### Exercise aim
Transcribe each line below verbatim; pictures excluded.

### Dataset section

[Start of Attachment]

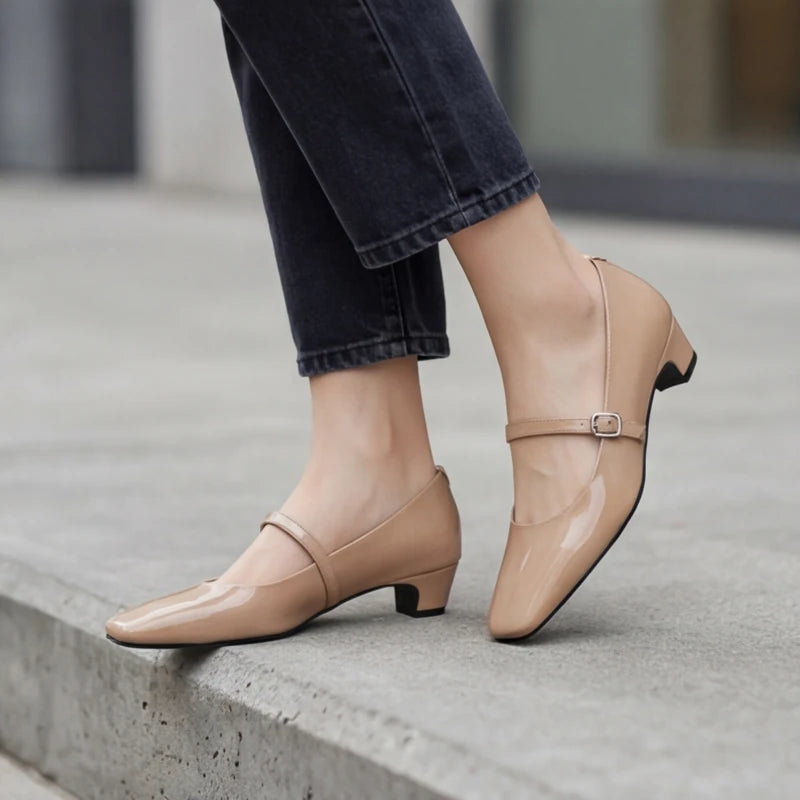 Helena Genuine Leather Heels - Apricot - genuine leather - Hendlys - Image 5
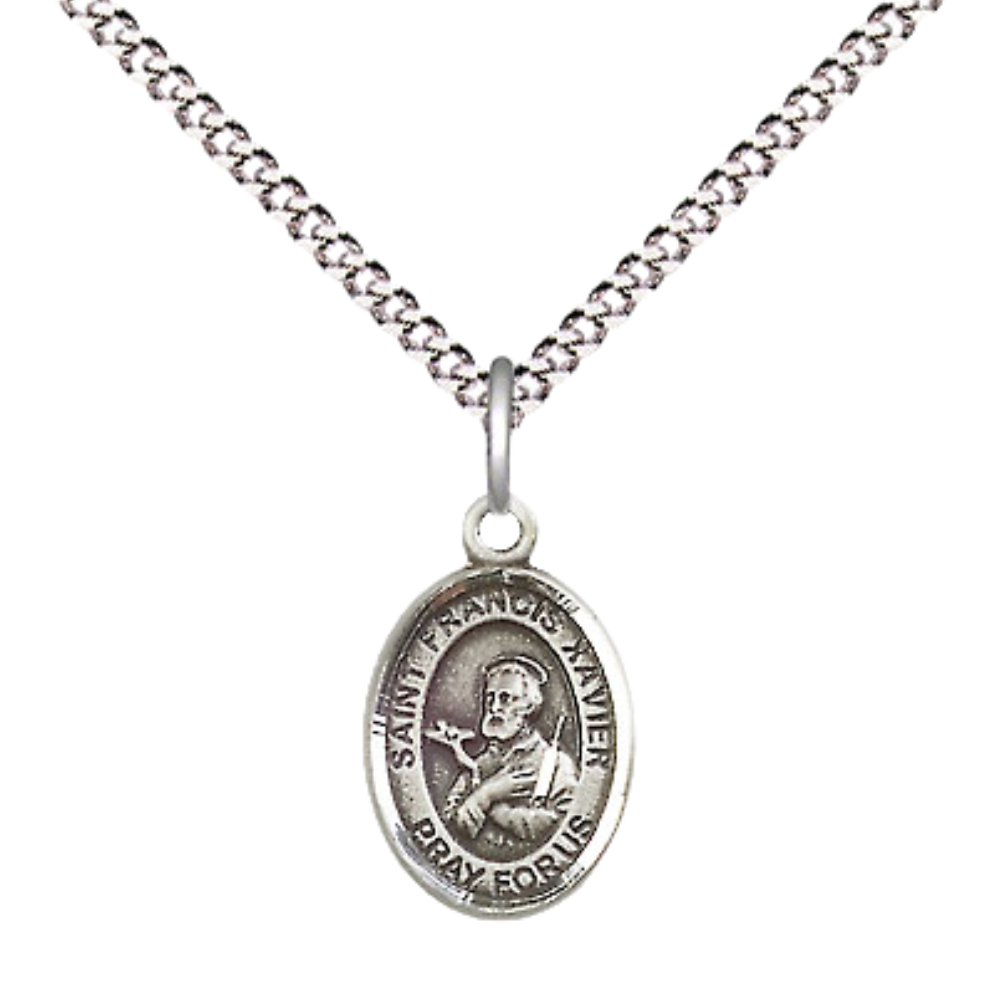 Small Sized Women's Pewter Saint St. Francis Xavier Medal Pendant on 18 Inch Rhodium Plated Lite Curb Brass Chain with Lobster Claw Clasp, Catholic Religious Necklace - Made in USA- Velvet Gift Box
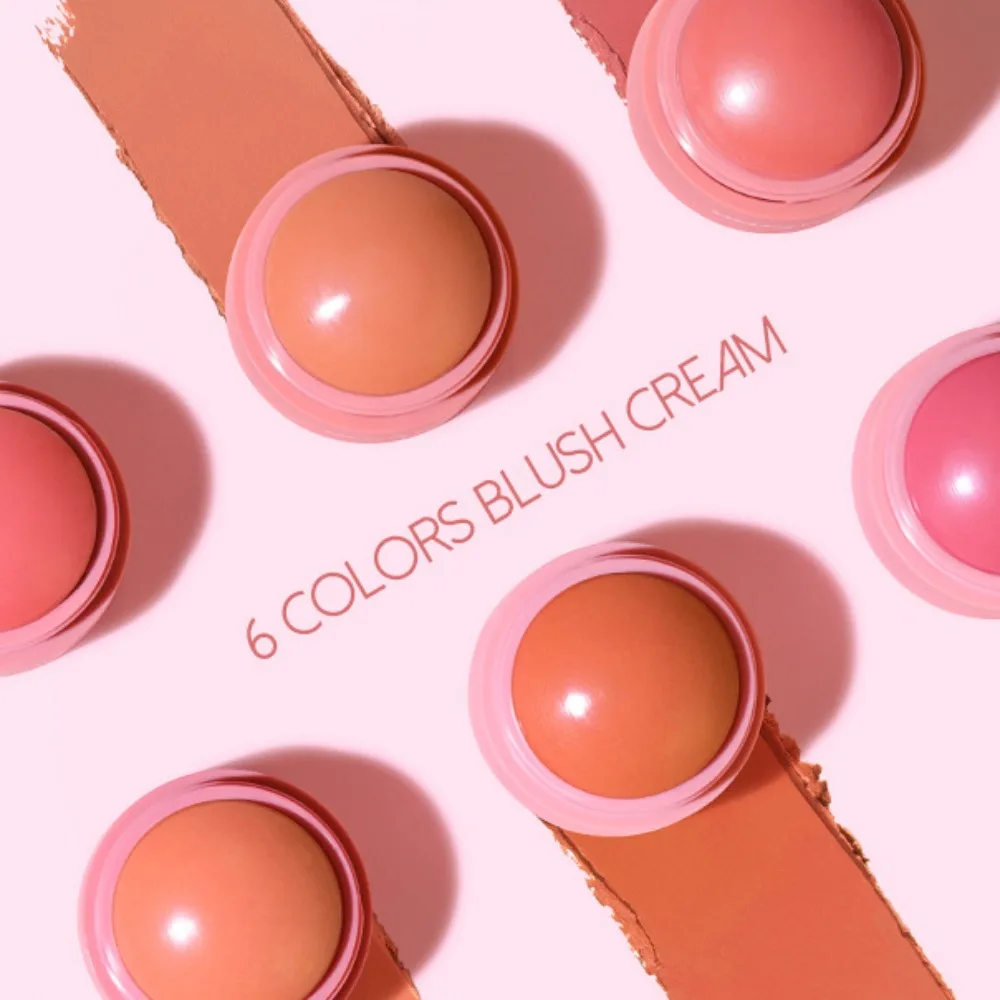 Multi-Purpose 6 สี Blush Ball พีชสีชมพู Matte Mist Blusher Smooth Cheek Tint 6 สีครีม Rubor Rouge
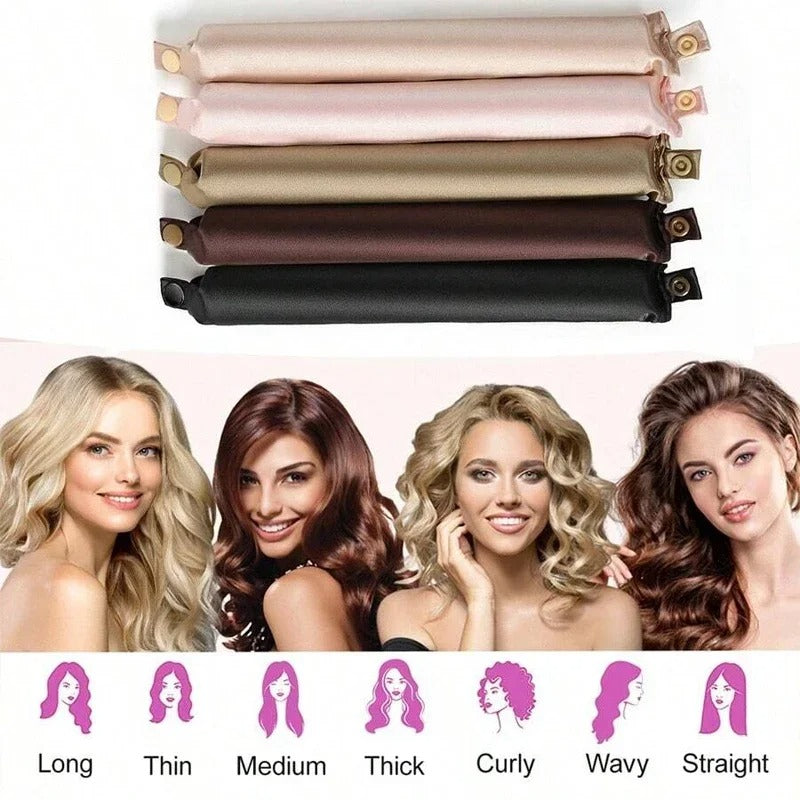 Satin Covered Heatless Hair Curlers - 4pcs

[End of Attachment]

### Exercise result
 Helena Genuine Leather Heels - Apricot - genuine leather - Hendlys - Image 5
 Small Sized Women's Pewter Saint St. Francis Xavier Medal Pendant on 18 Inch Rhodium Plated Lite Curb Brass Chain with Lobster Claw Clasp, Catholic Religious Necklace - Made in USA- Velvet Gift Box
 Multi-Purpose 6 สี Blush Ball พีชสีชมพู Matte Mist Blusher Smooth Cheek Tint 6 สีครีม Rubor Rouge
 Satin Covered Heatless Hair Curlers - 4pcs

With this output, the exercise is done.